What this task involves: The pictures do not go in the copy. Reproduce the rest of the entries exactly.

Start of Source information

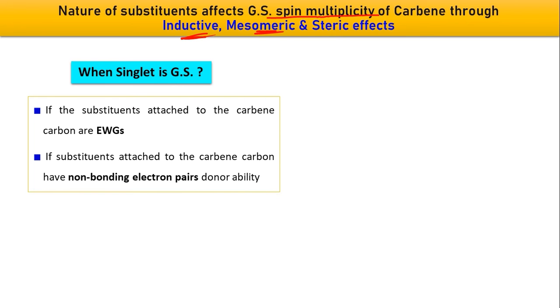The nature of substituents affects ground state spin multiplicity — whether the ground state is singlet or triplet depends on the R groups in the general carbene formula RCR. This effect may be inductive, mesomeric, or steric. Singlet will be the ground state spin multiplicity when the substituents attached to the carbene carbon are electron-withdrawing in nature.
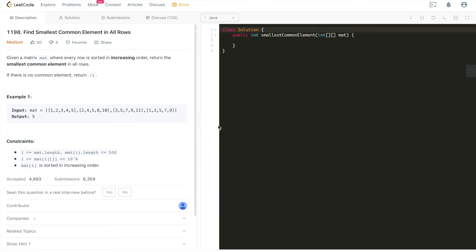Hi everyone, this is Fischer Coder here. Today we're going to go through LeetCode problem 1198, find smallest common element in all rows. This is labeled as medium difficulty level, but I would think this is a very straightforward question as we dive deep into the problem. And so is the solution, very straightforward as well. But it would be a very good practice to practice CS fundamentals and prep for coding interviews.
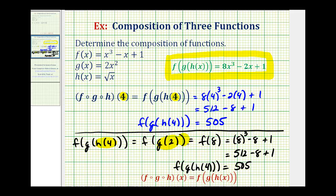So of course, whichever method we use, the value of the composite function when x equals four will be the same.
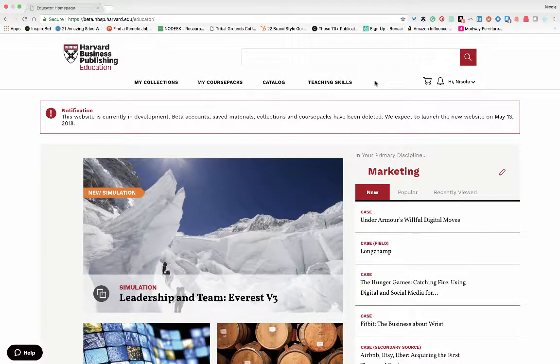Hello, welcome to Harvard Business Publishing's education website. Today we'll be covering how to publish a course pack.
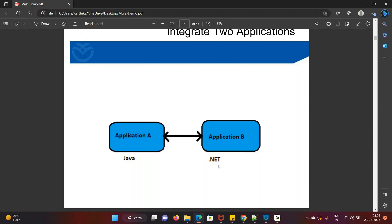Simply collecting and transferring data — there is no point in using integration tools for that alone. If both are different technologies and you are exchanging data, integration tools are required. Consider a simple example: a NEFT transaction where Application A is the ICICI bank. We don't know what technology they used to build it. Application B is the SJFC bank — we don't know which technology was used to implement it either.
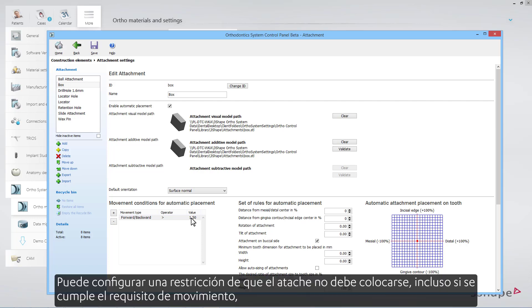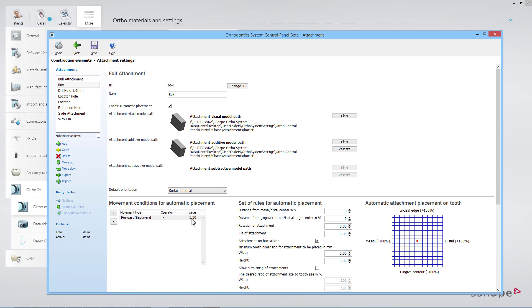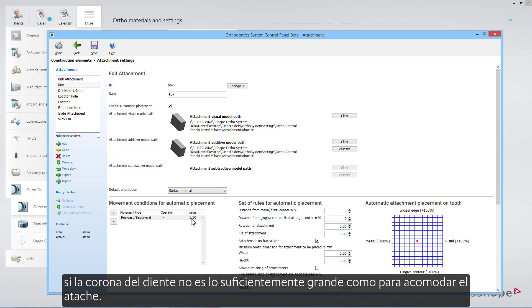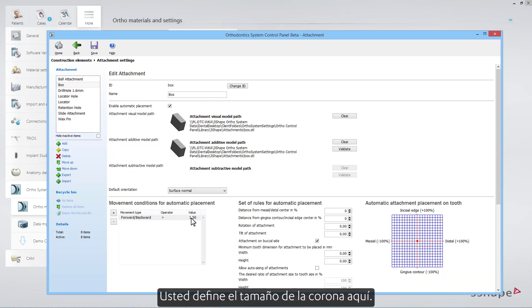You can set up a restriction that the attachment should not be placed, even if the movement requirement is fulfilled, if the tooth crown is not big enough to accommodate the attachment. You define how big the crown has to be here.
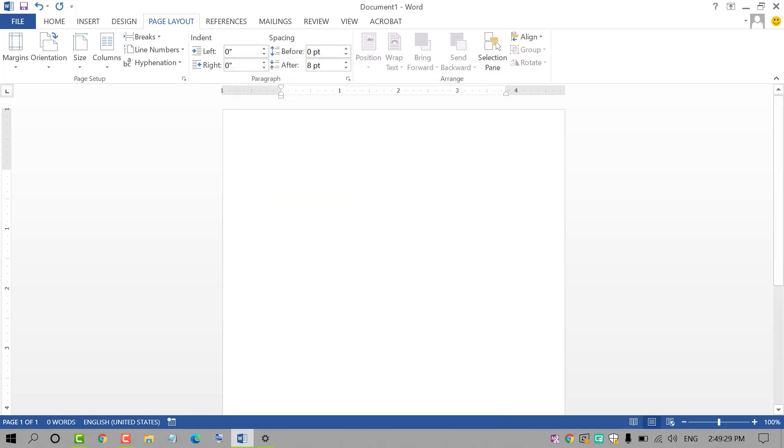Now close and reopen MS Word document. So you will see A5 size is as default in your MS Word document. Thanks for watching this video. Please subscribe this channel.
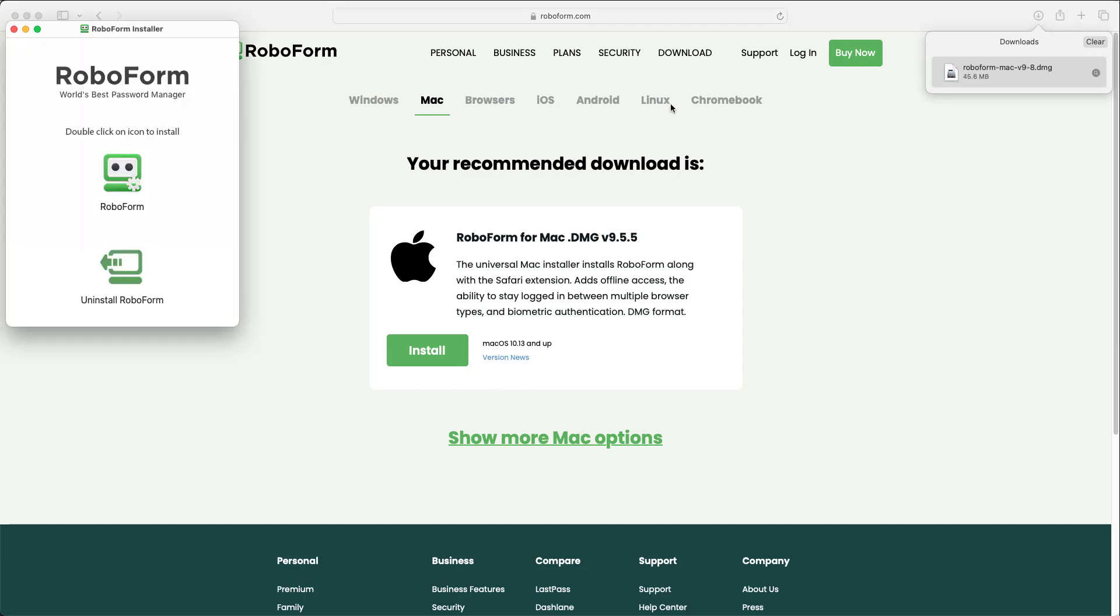A window will display, prompting you to double-click the RoboForm icon in order to install the application. Double-click the RoboForm icon.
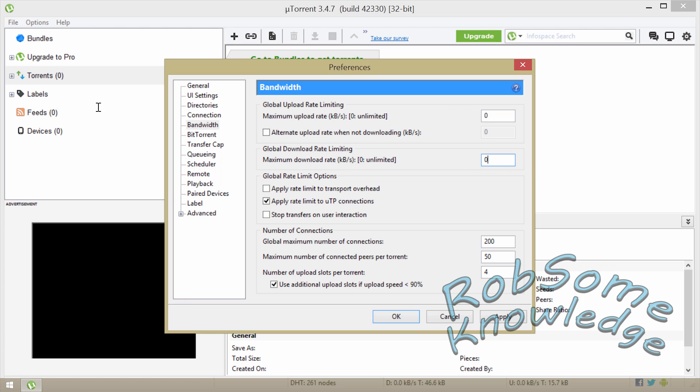You don't want to limit your downloads, that's the reason why you're watching this video in the first place. You want to have this box unchecked: Apply rate limit to transport overhead. You want to check this box: Apply rate limit to UTP connections. And you want to uncheck Stop transfers on user interaction.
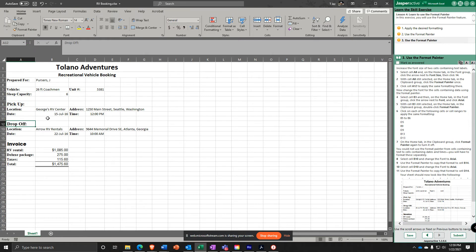Pick Up and Drop Off are now a 14-point font. Select cell B3 and change the font to Arial.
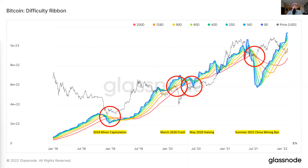Last, we have the major mining event that happened over the past year — the Summer 2021 China Mining Ban. As you can see in the ribbon, this was a major adjustment in hash rate. Hash rate went significantly down, and therefore difficulty went significantly down. We saw the difficulty ribbon make an extreme correction here.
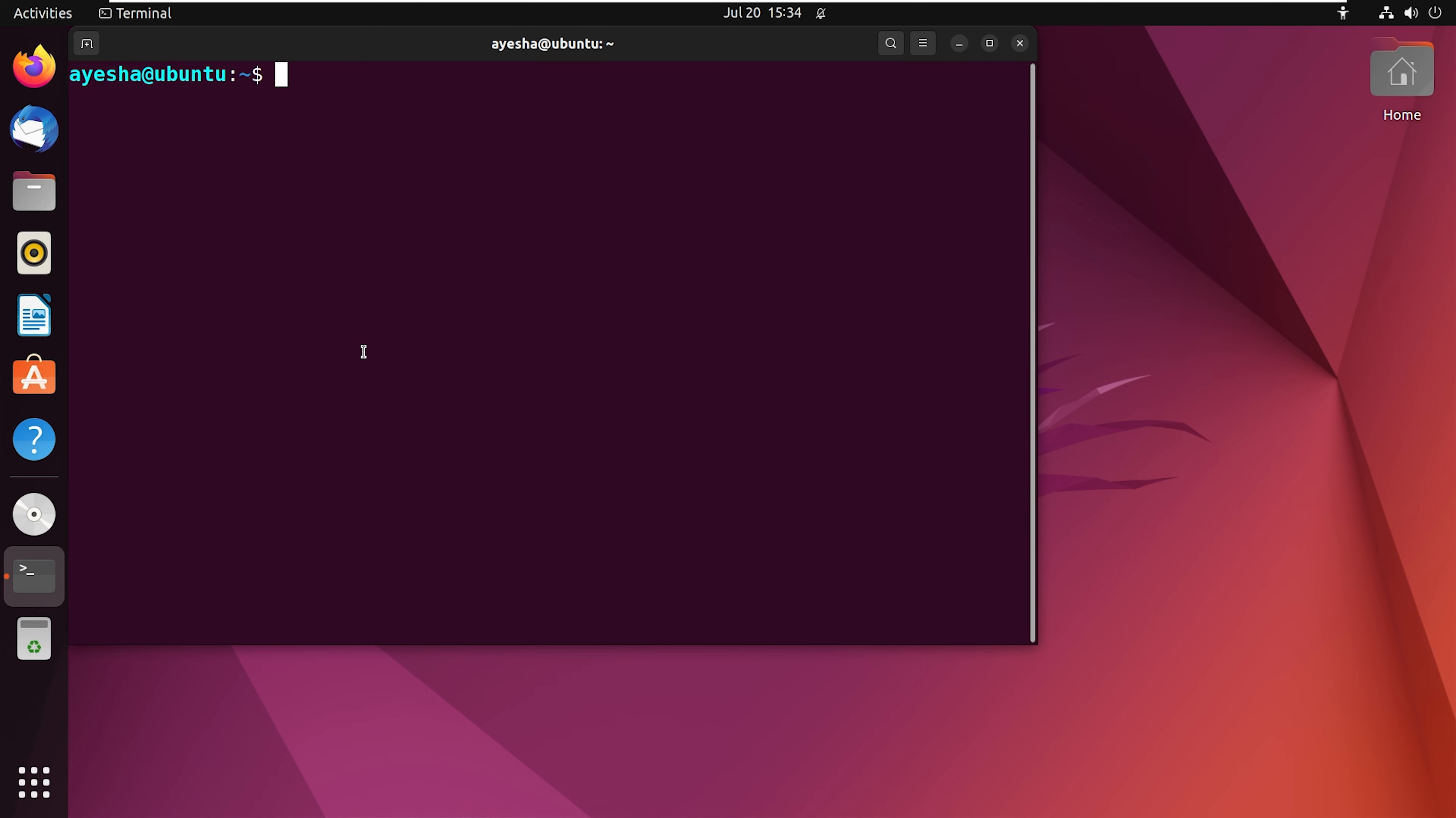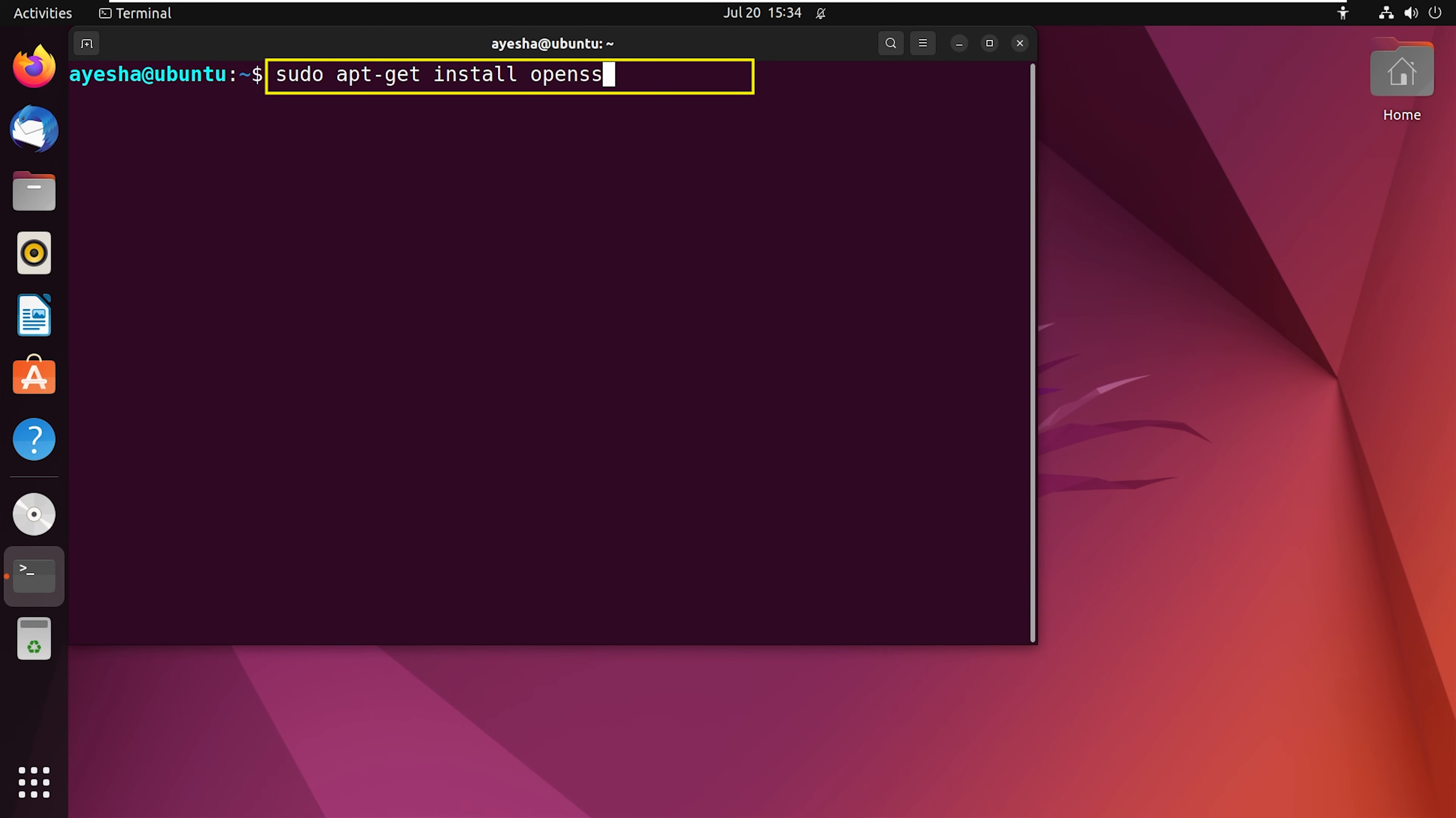So the first thing that you need to do is install the SSH client. The command for this is sudo apt-get install openssh-client. Now press enter.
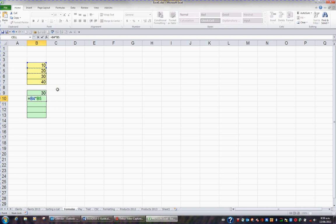I've entered a formula that says equals B4 times B5. When I press enter, I'm expecting the answer 200, which is 10 times 20.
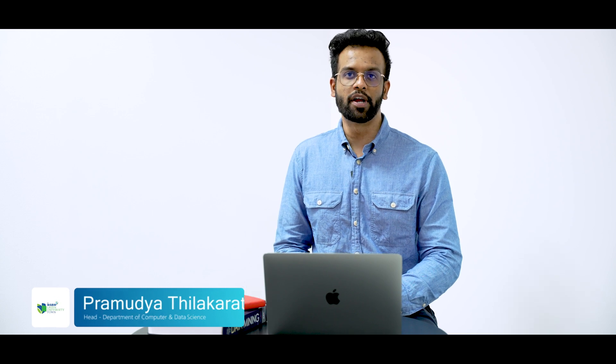Hello and welcome to NSBM Department of Computer and Data Science, Faculty of Computing. I am Premuthi Tilakaratna, Head of Department of Computer and Data Science, NSBM Green University.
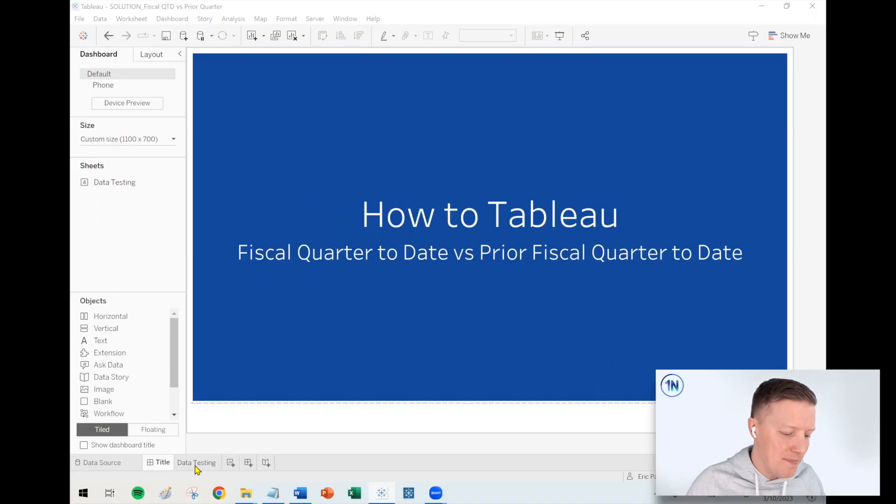Hello, my friends. This is Eric Parker with OneNumber, and in this week's Tableau video, I want to cover how do you write calculated fields which would allow you to compare your fiscal quarter to date versus your prior fiscal quarter to date. And we'll do both the immediately preceding quarter as well as the same quarter from last year.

End of Source information

Your response:
The nature of substituents affects ground state spin multiplicity — whether the ground state is singlet or triplet depends on the R groups in the general carbene formula RCR. This effect may be inductive, mesomeric, or steric. Singlet will be the ground state spin multiplicity when the substituents attached to the carbene carbon are electron-withdrawing in nature.
Hi everyone, this is Fischer Coder here. Today we're going to go through LeetCode problem 1198, find smallest common element in all rows. This is labeled as medium difficulty level, but I would think this is a very straightforward question as we dive deep into the problem. And so is the solution, very straightforward as well. But it would be a very good practice to practice CS fundamentals and prep for coding interviews.
So of course, whichever method we use, the value of the composite function when x equals four will be the same.
Hello, welcome to Harvard Business Publishing's education website. Today we'll be covering how to publish a course pack.
Simply collecting and transferring data — there is no point in using integration tools for that alone. If both are different technologies and you are exchanging data, integration tools are required. Consider a simple example: a NEFT transaction where Application A is the ICICI bank. We don't know what technology they used to build it. Application B is the SJFC bank — we don't know which technology was used to implement it either.
You can set up a restriction that the attachment should not be placed, even if the movement requirement is fulfilled, if the tooth crown is not big enough to accommodate the attachment. You define how big the crown has to be here.
Now close and reopen MS Word document. So you will see A5 size is as default in your MS Word document. Thanks for watching this video. Please subscribe this channel.
A window will display, prompting you to double-click the RoboForm icon in order to install the application. Double-click the RoboForm icon.
You don't want to limit your downloads, that's the reason why you're watching this video in the first place. You want to have this box unchecked: Apply rate limit to transport overhead. You want to check this box: Apply rate limit to UTP connections. And you want to uncheck Stop transfers on user interaction.
Pick Up and Drop Off are now a 14-point font. Select cell B3 and change the font to Arial.
Last, we have the major mining event that happened over the past year — the Summer 2021 China Mining Ban. As you can see in the ribbon, this was a major adjustment in hash rate. Hash rate went significantly down, and therefore difficulty went significantly down. We saw the difficulty ribbon make an extreme correction here.
So the first thing that you need to do is install the SSH client. The command for this is sudo apt-get install openssh-client. Now press enter.
I've entered a formula that says equals B4 times B5. When I press enter, I'm expecting the answer 200, which is 10 times 20.
Hello and welcome to NSBM Department of Computer and Data Science, Faculty of Computing. I am Premuthi Tilakaratna, Head of Department of Computer and Data Science, NSBM Green University.
Hello, my friends. This is Eric Parker with OneNumber, and in this week's Tableau video, I want to cover how do you write calculated fields which would allow you to compare your fiscal quarter to date versus your prior fiscal quarter to date. And we'll do both the immediately preceding quarter as well as the same quarter from last year.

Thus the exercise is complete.